SATURDAY in Broadcast History .. Nov. 14th

ON THIS DAY in 1901

singer Morton Downey was born in Wallingford Connecticut. His national radio appearances began in 1930, in 1932 he was voted Radio Singer of the Year. In 1949 he debuted on TV, hosting the show Star of the Family in the 1950’s.  He died of a stroke at age 83, Oct. 25 1985.
On this day in 1904, singer/actor Dick Powell was born in Mountain View Arkansas. 
After starring in 1930’s musicals, he turned to serious acting, and starred on radio in Rogue’s Gallery and later, Richard Diamond Private Detective. In TV he was host/star of The Best in Mystery, Zane Grey Theater, & The Dick Powell Show.  He died Jan 2, 1963 at age 58, due to cancer.
On this day in 1910, actress Rosemary DeCamp was born in Prescott Ariz.

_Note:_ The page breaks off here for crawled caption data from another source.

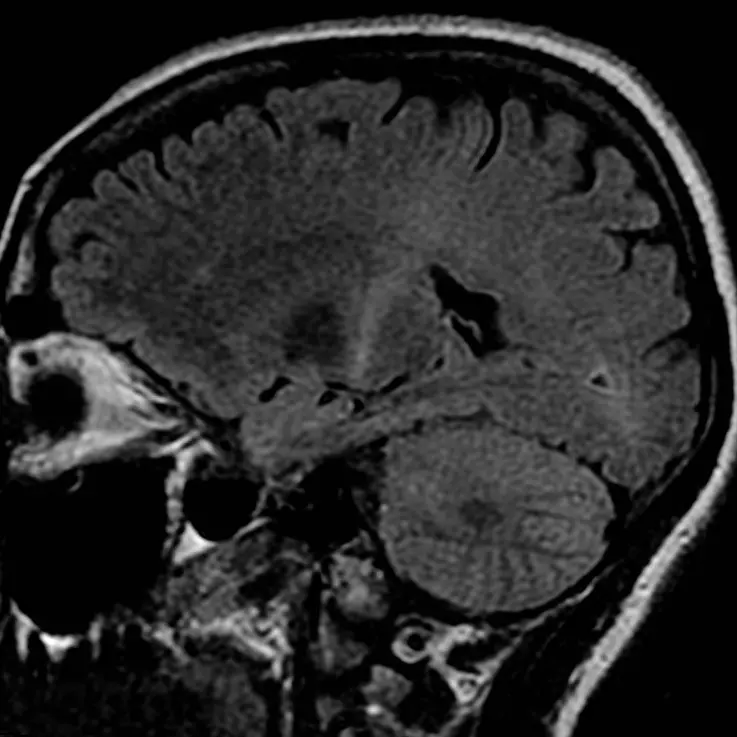 Gehirndegeneration bei ALS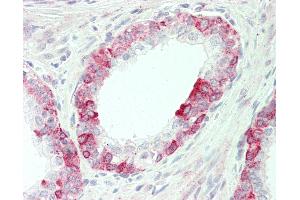Anti-O3FAR1 / GPR120 antibody IHC staining of human prostate.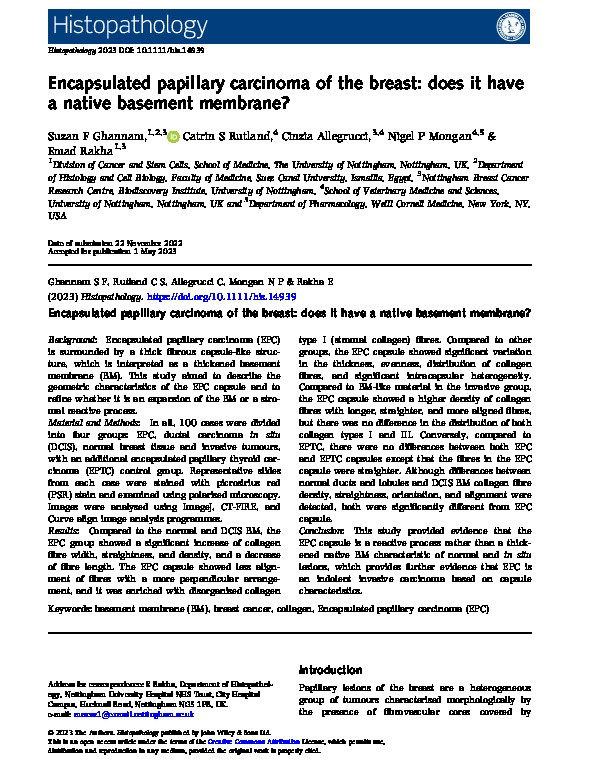 Encapsulated papillary carcinoma of the breast: does it have a native basement membrane? Thumbnail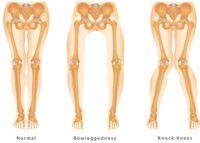 Miserable Malalignment Syndrome |Knee Malalignment Syndrome |Orthopedic ...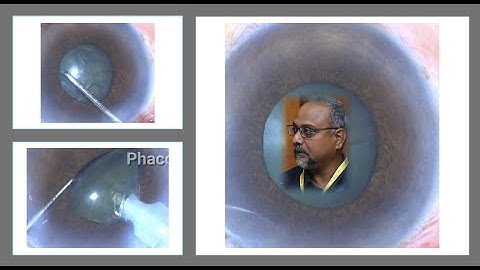 Small Pupil Phacoemulsification -  Rules for Safe and Reproducible surgery .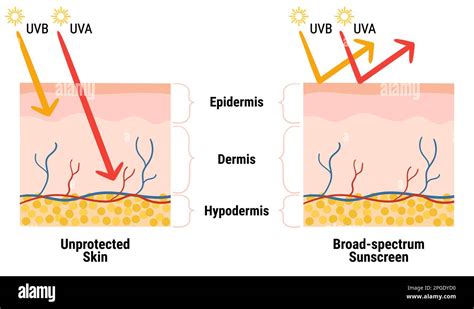 Uv Penetration Into The Layers Of The Skin Infographic Of Sunscreen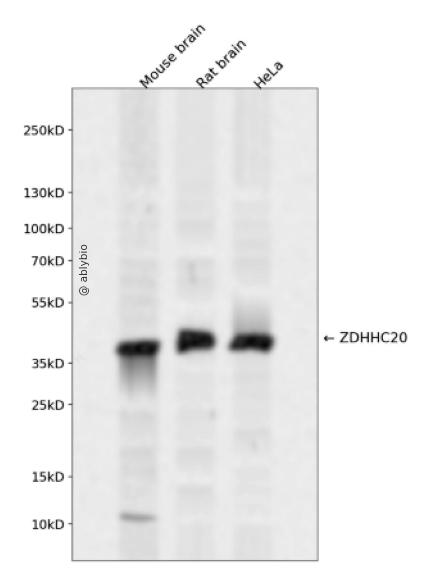 ZDHHC20 Rabbit pAb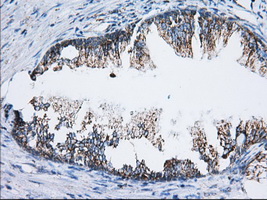 TTC32 Antibody - IHC of paraffin-embedded Human prostate tissue using anti-TTC32 mouse monoclonal antibody. (Dilution 1:50).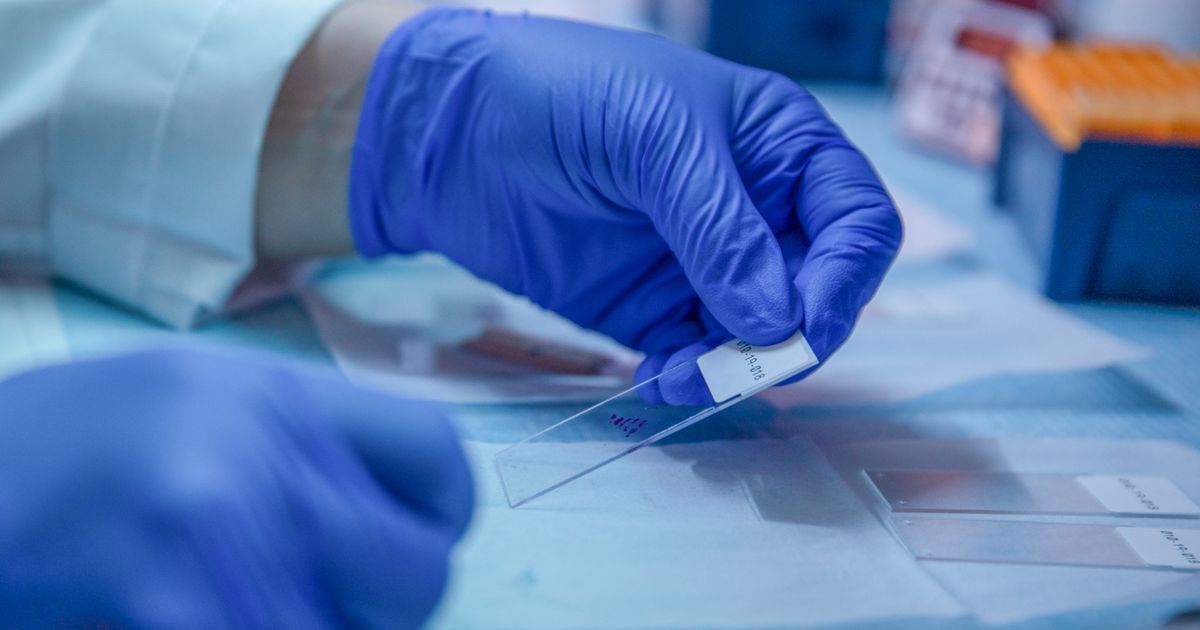 UNM Scientist Studies Where Brain Cancer Cells Hide and How To Fight Them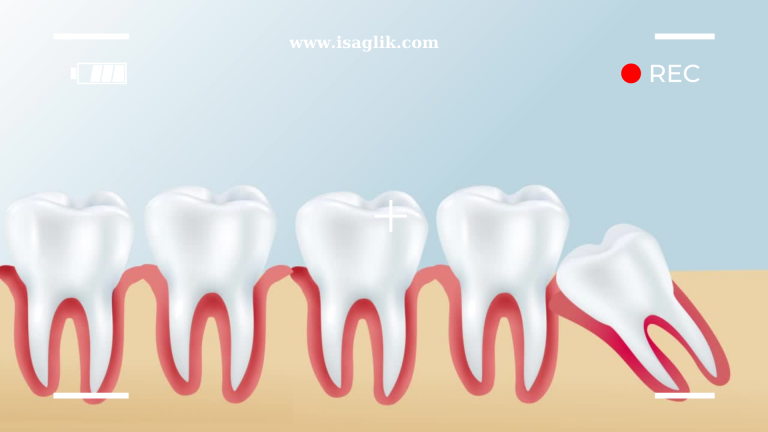 Gömük 20 yaş dişleri, genellikle diş arkasında yer aldıkları için diğer dişler arasında yeterli alan olmadığında sorunlara neden olabilir.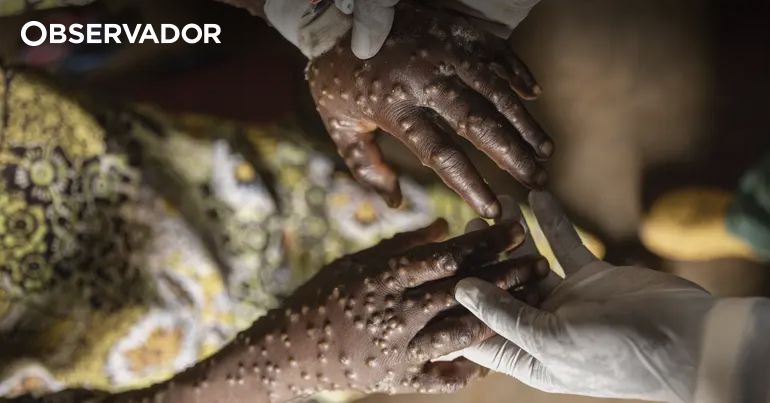 غينيا بيساو تؤكد أول حالة إصابة بالجدري - المراقب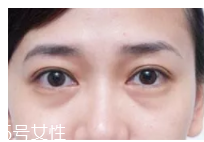 黑眼圈用什么眼霜好？多效護(hù)理型眼霜是首選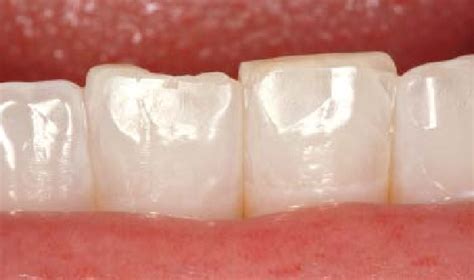 Heavy leading edge wear with limited crossover incisal edge wear. Note... | Download Scientific ...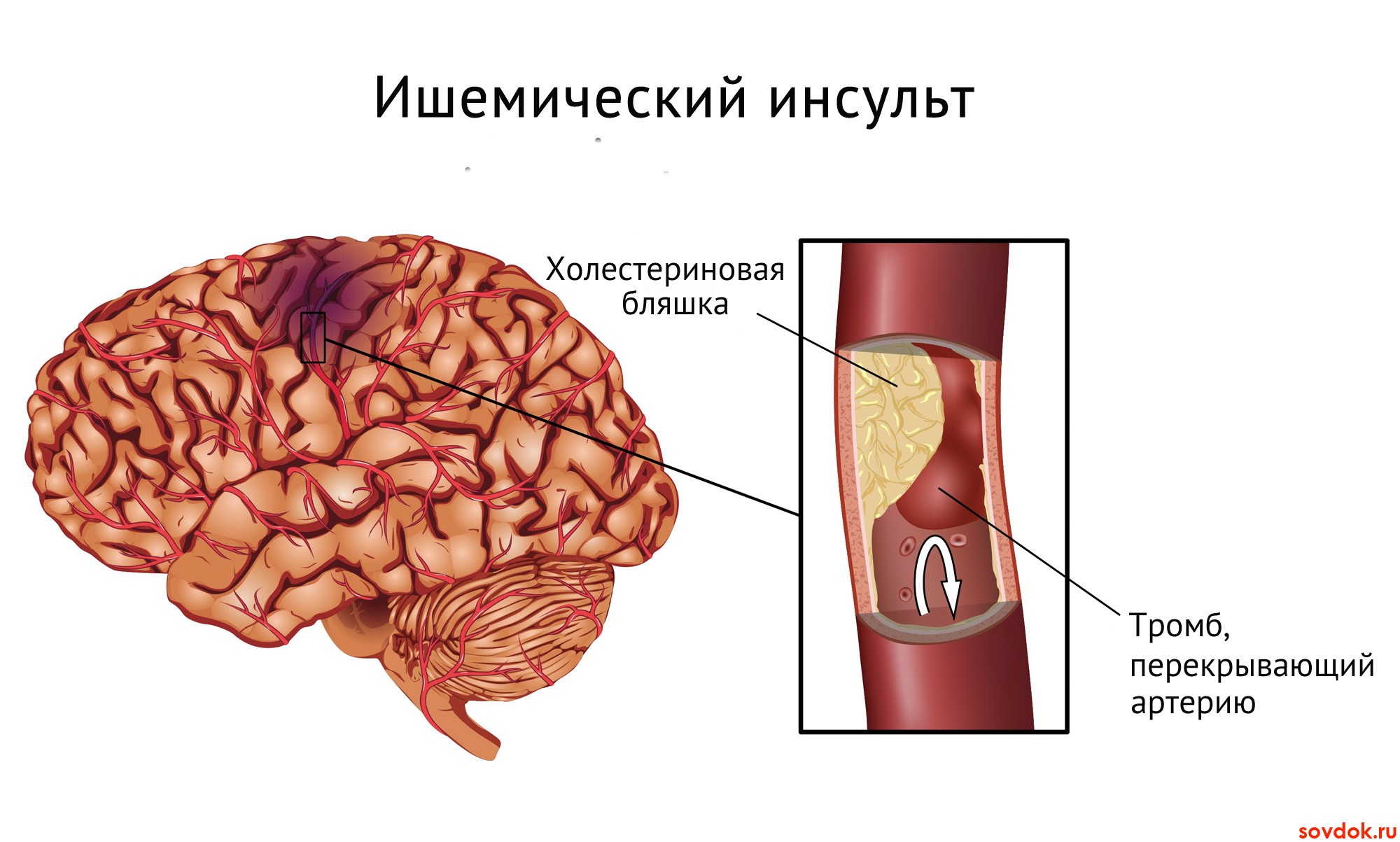ишемический инсульт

She played Dr. Christian’s nurse Judy Price on CBS radio; on TV she was Riley’s wife on The Life of Riley, and had recurring roles on Petticoat Junction, Partridge Family, Days of Our Lives & the Bob Cummings Show.  Rosemary died Feb 20, 2001 from pneumonia. She was 90.
On this day in 1914, singer Ken Carson was born in Coalgate OK.  He was an original member of The Sons of the Pioneers, and later became a regular on the Garry Moore TV Show.  Carson succumbed to Lou Gehrig’s disease April 7 1994 at age 79.
On this day in 1915, vocalist (“The Liltin”) Martha Tilton  was born in Corpus Christi Texas.  She recorded with Benny Goodman’s Orchestra, and as a soloist she was one of the first to sign with Capitol Records. (I’ll Walk Alone, I Should Care, How Are Things in Glocca Morra.) She died Dec. 8 2006 at the ripe old age of 91.
On this day in 1916, TV writer/producer Sherwood Schwartz was born in Passaic NJ.  After writing for radio comedy in the 1940’s (The Beulah Show, Bob Hope) he developed a pair of major television sitcoms in Gilligan’s Island & The Brady Bunch.  He died July 12 2011 at age 94.
On this day in 1920, singer Johnny Desmond (below) was born in Detroit.   He was featured on Don McNeill’s Breakfast Club (radio& TV), and was a regular on TV’s Your Hit Parade, Face the Music & Songs for Sale.  He died from cancer Sept. 6 1985 at age 64.
On this day in 1921, actor Brian Keith was born Robert Keith Richey, Jr. in Bayonne N. J.  Besides an active big screen career he also kept busy on TV with the series  Family Affair, Hardcastle & McCormick, Archer, Heartland and dozens of guest spots.  He died by his own hand June 24, 1997 at age 75, suffering from emphysema & lung cancer.
Also this day in 1921, Chicago radio station KYW broadcast the first opera by a professional company. Listeners heard ‘Samson Et Dalila’ as it was being performed at the Chicago Auditorium.
On this day in 1922, the British Broadcasting Corporation (BBC) began its domestic radio service on 2L0, London, from Marconi House. It started out as a subsidiary of General Electric & AT&T.
Also this day in 1924, actress Phyllis Avery was born in New York City.  She co-starred in four TV series, The George Gobel Show, Mr. Novak, The Clear Horizon, & Meet Mr. McNutley, plus many guest roles.   She last worked in 1999.  She died of heart failure May 19 2011 at age 88.
On this day in 1929,  actor McLean Stevenson was born in Normal Illinois. Best remembered as Lt. Col. Henry Blake on TV’s MASH, he also starred in The McLean Stevenson Show, Hello Larry, The Tim Conway Comedy Hour, The Doris Day Show, Condo & In the Beginning. He died Feb 15, 1996 at age 66 after a heart attack.
On this day in 1935, actor Don Stewart was born in Staten Island, NY.  He is best remembered as Mike Bauer on TV’s Guiding Light for over 16 years.  He died from lung cancer Jan 9, 2006 at age 70.
On this day in 1943, a young Leonard Bernstein replaced an indisposed Bruno Walter as conductor of the New York Philharmonic Orchestra for a CBS radio broadcast. Thus began a legendary career as TV communicator for young & old on the appreciation of serious music.
On this day in 1944, an outstanding array of musicians gathered in Hollywood to record a classic.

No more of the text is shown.